Азиатик умер не дрогнув. Он потратил последний день жизни на то, чтобы привести в порядок дела, ел и пил, как обычно, и гулял в Лукулловых садах (как они все еще назывались), давая инструкции садовникам насчет деревьев, цветов и прудов. Когда он увидел, что его погребальный костер сложили слишком близко к аллее грабов, он страшно рассердился и оштрафовал вольноотпущенника, выбравшего это место, на сумму, равную его трехмесячному жалованию. «Неужели ты не понимаешь, идиот, что при ветре пламя доберется до этих чудесных старых деревьев и испортит весь вид?» Его последние слова, обращенные к семье, когда он лежал в теплой ванне, а врач был готов перерезать ему артерию на ноге, были: «Прощайте, мои дорогие друзья. Если бы я умер из-за темных махинаций Тиберия или ярости Калигулы, мне было бы не так обидно, но оказаться жертвой доверчивости слабоумного Клавдия, быть преданным женщиной, которую я любил, и другом, которому я доверял!..» Он был убежден, что все подстроили Поппея и Вителлий.

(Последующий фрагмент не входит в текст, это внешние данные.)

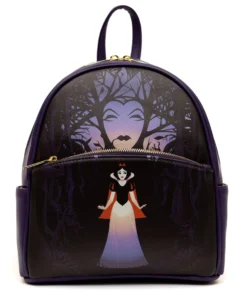 Danielle Nicole Exclusive Danielle Nicole - Disney Enchanted Princess Series Snow White & Evil Queen Mini Backpack - PALM Exclusive Mini Backpacks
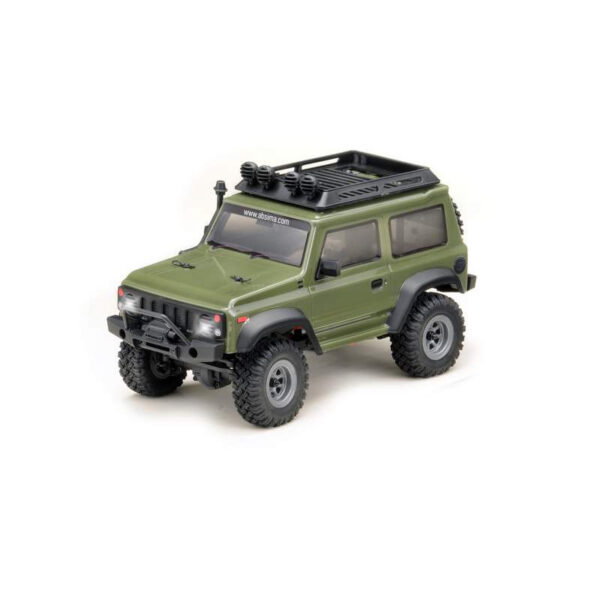 CRAWLER CR-24 JIMNY GREEN RTR 1/24. ABSIMA 10023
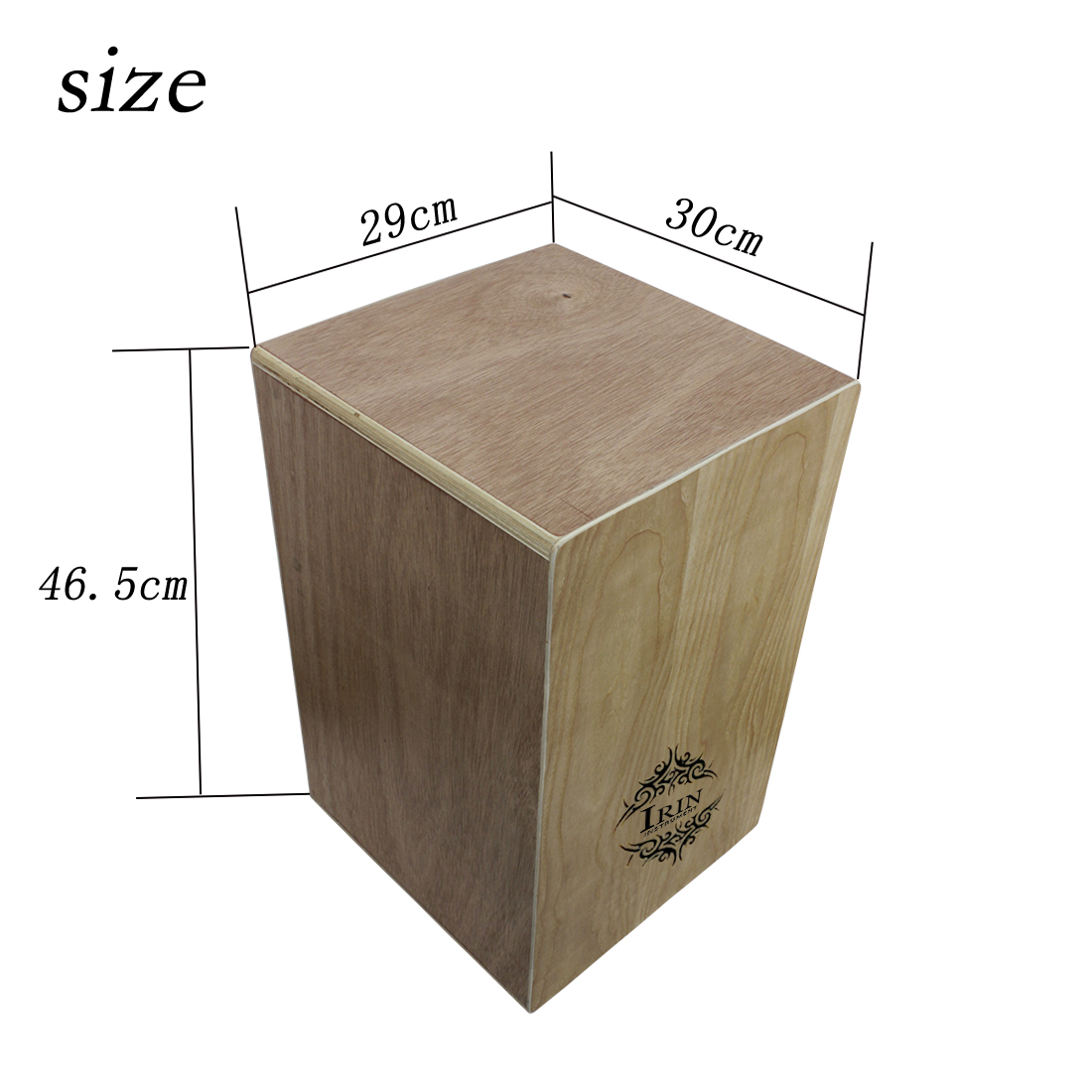 Cajon IRIN in Legno Massello d - Cajon Box Drum recensione e prezzo
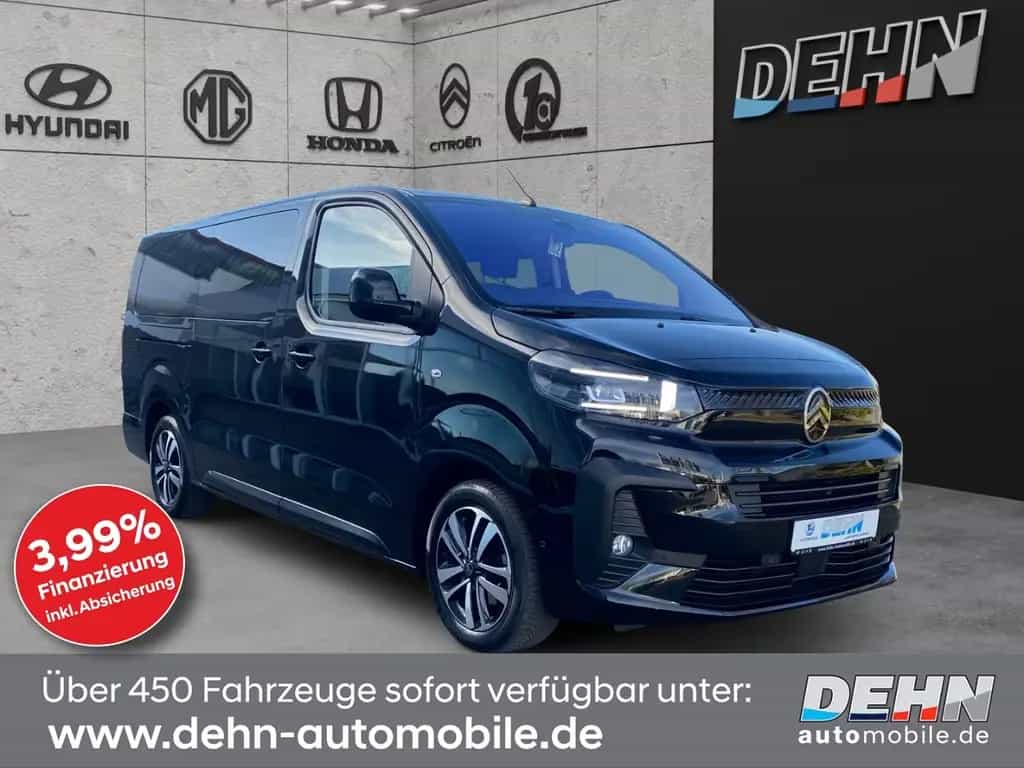 Citroën SpaceTourer XL HDI 180 AT Plus 8Sitz 2Schiebet. 01/2025-photo-0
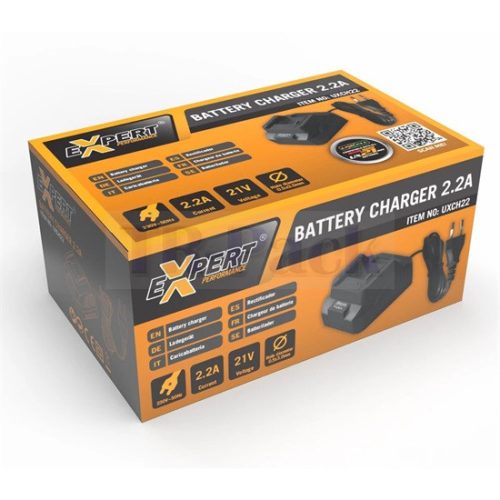 Akkumulátortöltő 20V-os Akkumulátorhoz UniCell EXPERT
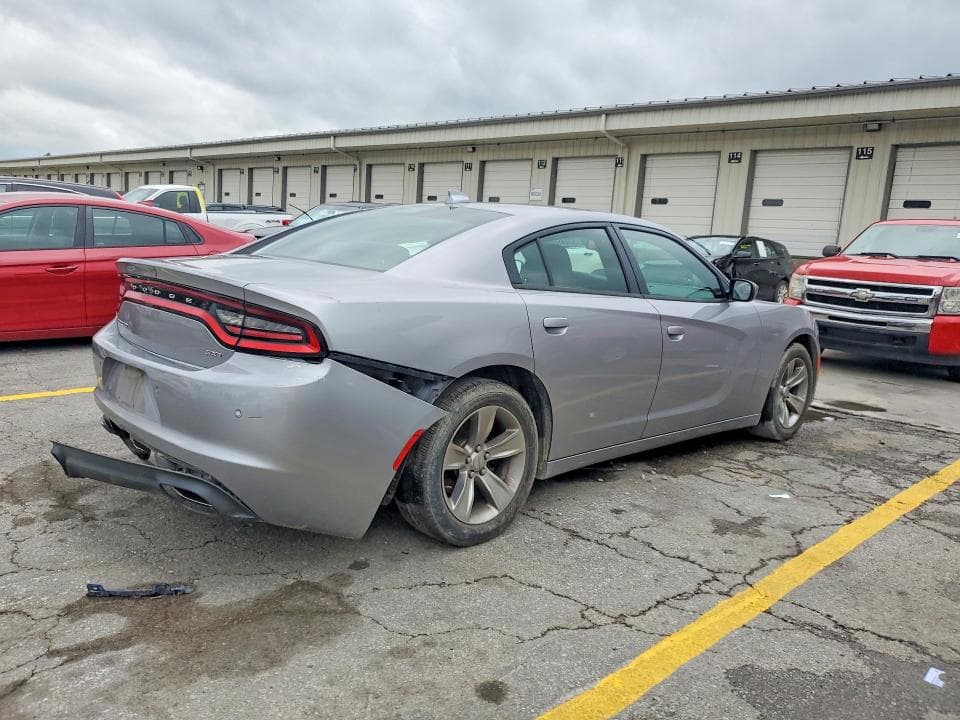 2018 DODGE CHARGER SXT PLUS 3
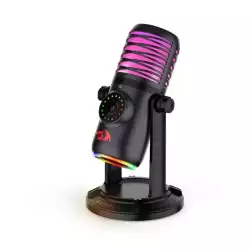 Redragon STELLARIS GM306 Omnidirectional Gaming And Streaming Microphone - Black Redragon STELLARIS GM306 Omnidirectional Gaming And Streaming Microphone - Black
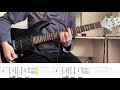 Tratame Suavemente - Soda Stereo Cover Tutorial Guitarra [+Tabs]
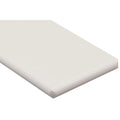 3/4" x 48" x 96" White King MediGrade® Antimicrobial Sheet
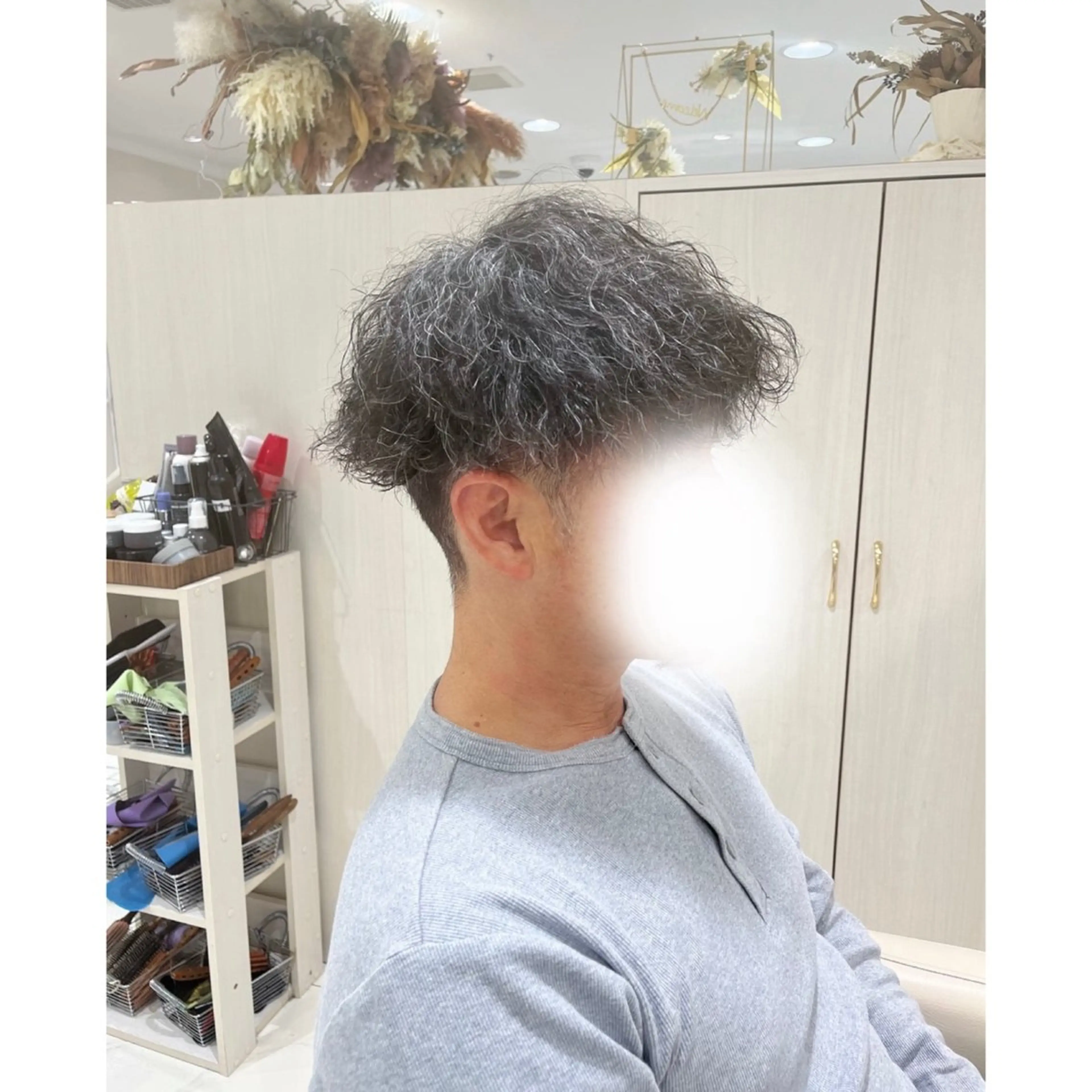 メンズ 韓国ヘア 🎀中川綾乃🎀のヘアスタイル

Через два дня я пригласил Сципиона к обеду и спросил, как поживает его жена: я хотел тактично ему напомнить, что прекращу все это дело, если он по-прежнему любит Поппею и готов ее простить.
— Она мертва, цезарь, — сказал он и зарыдал, обхватив голову руками.

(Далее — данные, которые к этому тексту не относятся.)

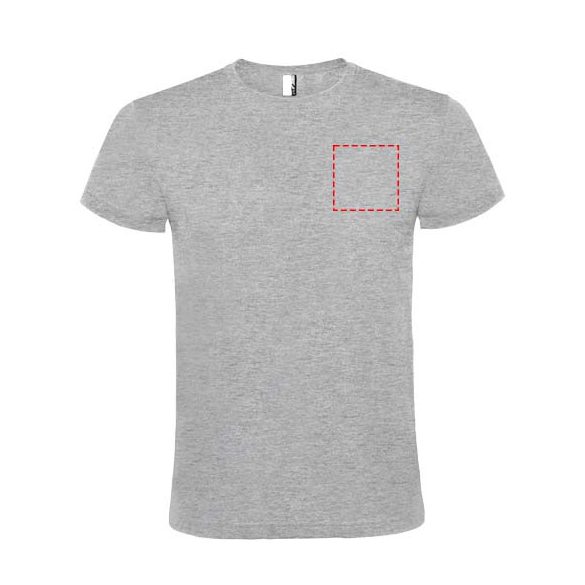 Atomic 150 g/m2 short sleeve unisex t-shirt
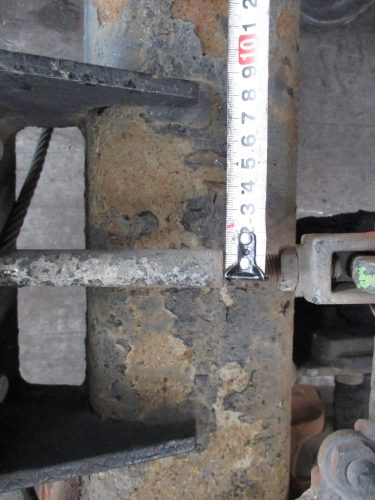 アクスル 東急車輛 2軸トレーラー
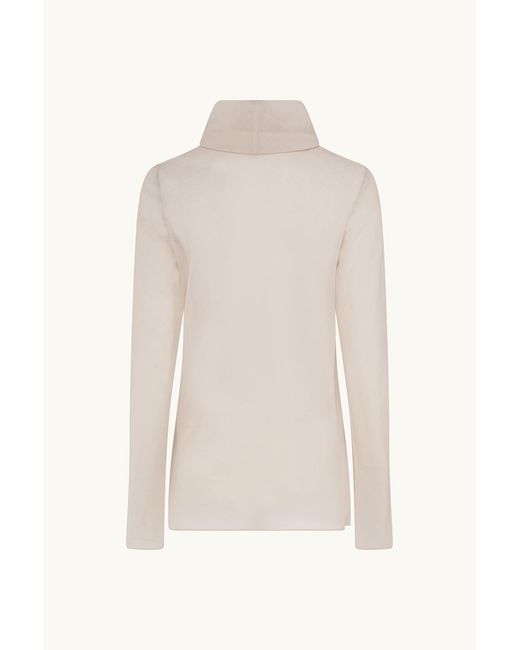 Racil White Foundation Top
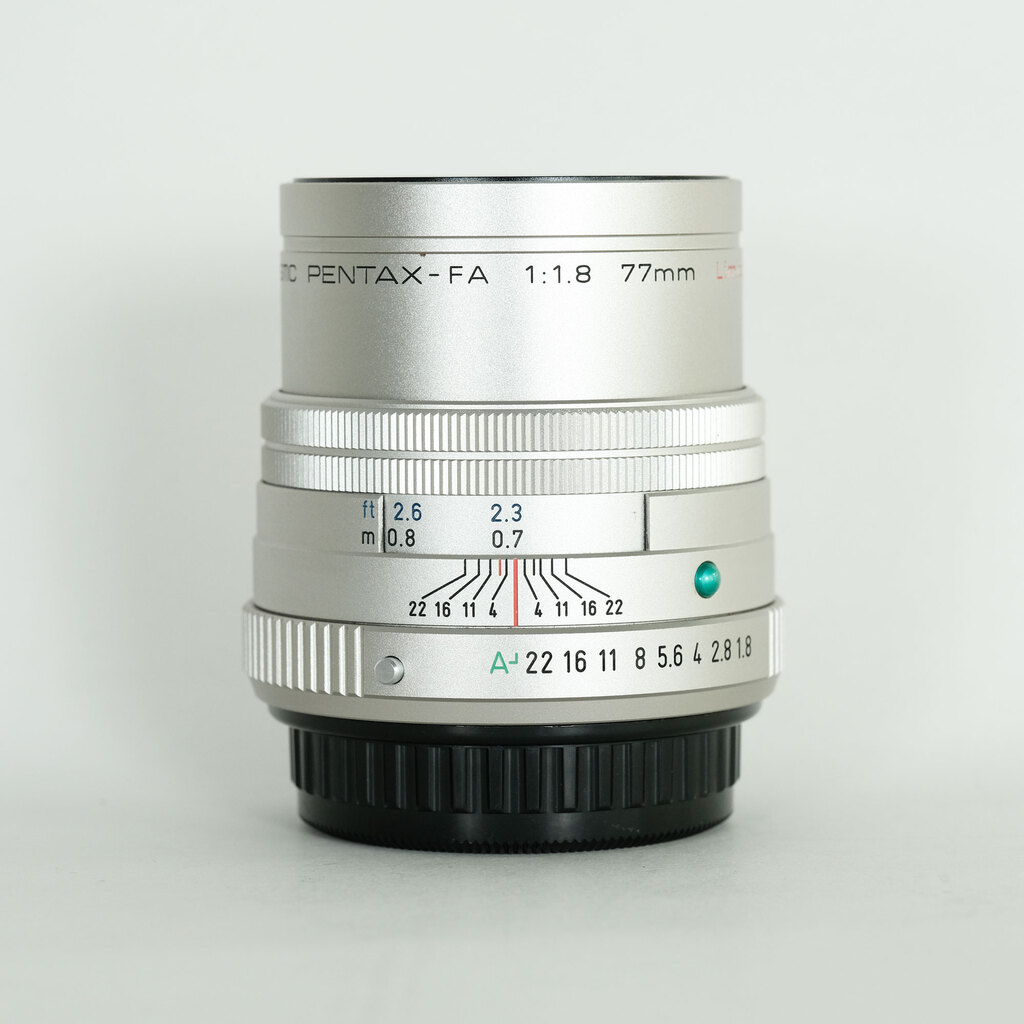 PENTAX FA77mmF1.8 Limited PENTAX FA77mmF1.8 Limited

Родные Азиатика, Валерии, желая показать, что они осуждают его предсмертные слова, были вынуждены подарить Мессалине в качестве умилостивительной жертвы Лукулловы сады: хотя тогда я этого не подозревал, именно они были истинной причиной смерти Азиатика. Я привлек к суду братьев Петра и казнил их, после чего сестры Тристония покончили с собой. Что касается Ассариона, его смертный приговор я, по-видимому, тоже подписал, хотя ничего об этом не помню. Когда я велел Палланту предупредить Ассариона, что его ждет разбирательство, мне доложили о его казни и показали приговор, судя по всему не поддельный. Должно быть — единственное объяснение, которое я могу предложить, — Мессалина или ее покорное орудие Полибий засунули его между других важных бумаг, принесенных на подпись, и я подмахнул его, не читая. Теперь-то я знаю, что со мной постоянно играли такие штуки; пользуясь моим плохим зрением (у меня так уставали глаза, что я с трудом разбирал буквы, и то лишь при естественном свете), они «читали» мне вслух вместо официальных бумаг и писем, под которыми я должен был поставить подпись, выдуманные тут же на месте тексты, не имеющие ничего общего с подлинными документами.

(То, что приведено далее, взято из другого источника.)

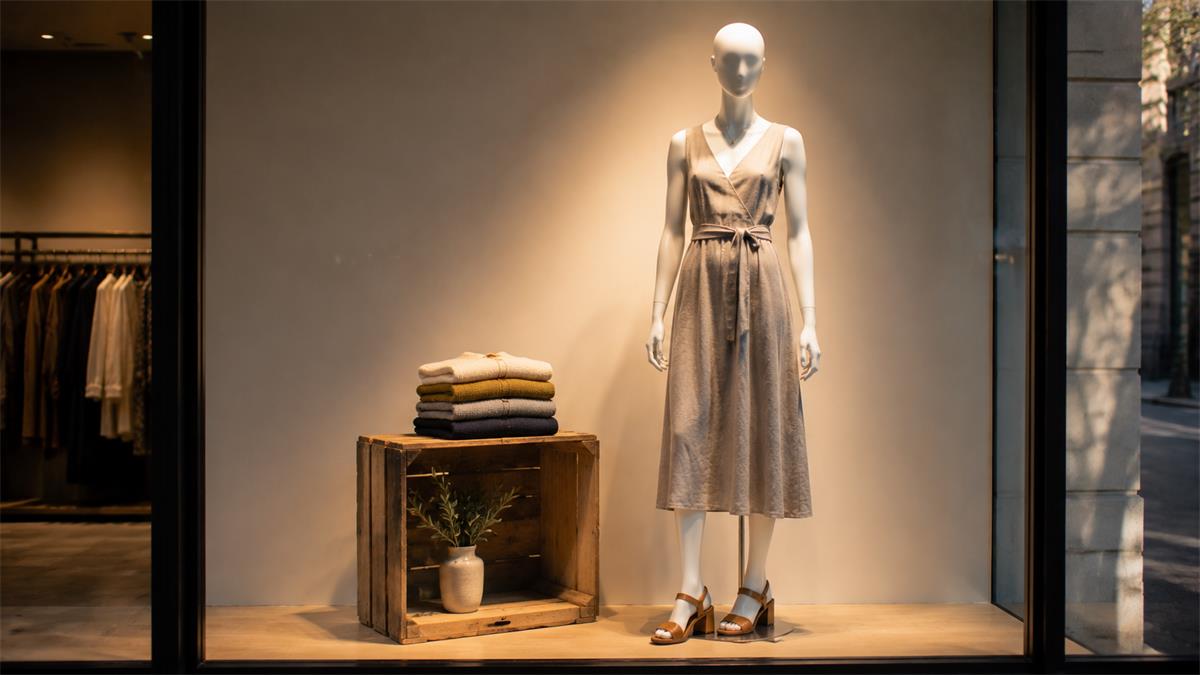 Simple back to school window display ideas on a low budget with a crate ledge Simple back to school window display ideas on a low budget with a crate ledge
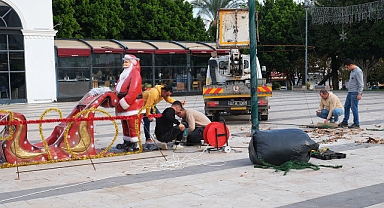 Kemer’de yılbaşı heyecanı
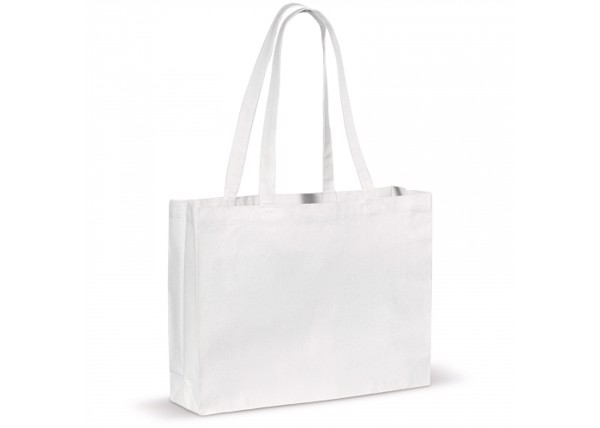 Shopping bag OEKO-TEX® 270g/m² - White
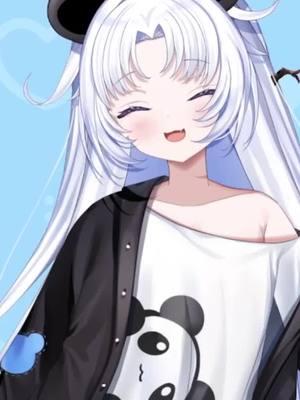 Admiren mi precioso ser pandosooooo!!!!!!  model showcase 🐼💙 #vtuber #showcase #panda #animegirl #chingona #pinche #live2d #GamerGirl #azuripanda #poderosa 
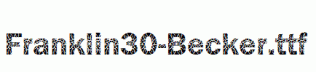 Franklin30-Becker.ttf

Примерно в это же время умер Виниций; от яда. Я слышал несколько лет спустя, что он отказался спать с Мессалиной и что она подсыпала ему яд собственной рукой; спору нет, он умер на следующий день после обеда во дворце. Вполне возможно, что это правда. Так что теперь те трое — Виниций, Винициан и Азиатик, — кто соперничал в свое время со мной, претендуя на императорский трон, были мертвы, и смерть их, как все полагали, лежала на моей совести. Однако совесть моя была чиста. Винициан и Азиатик действительно оказались предателями, а Виниция я считал жертвой несчастного случая. Но сенат и римский народ знали Мессалину лучше, чем я, и ненавидели меня из-за нее. Вот что было невидимым барьером между ними и мной, и никто не отваживался сломить его.
В результате моей возмущенной речи по поводу Азиатика, которую я произнес на той сессии, где сенаторы присудили Сосибию и Криспину денежные подарки за их услуги, сенат по собственному почину отказался в мою пользу от своего права давать его членам разрешение покидать Италию под любым предлогом.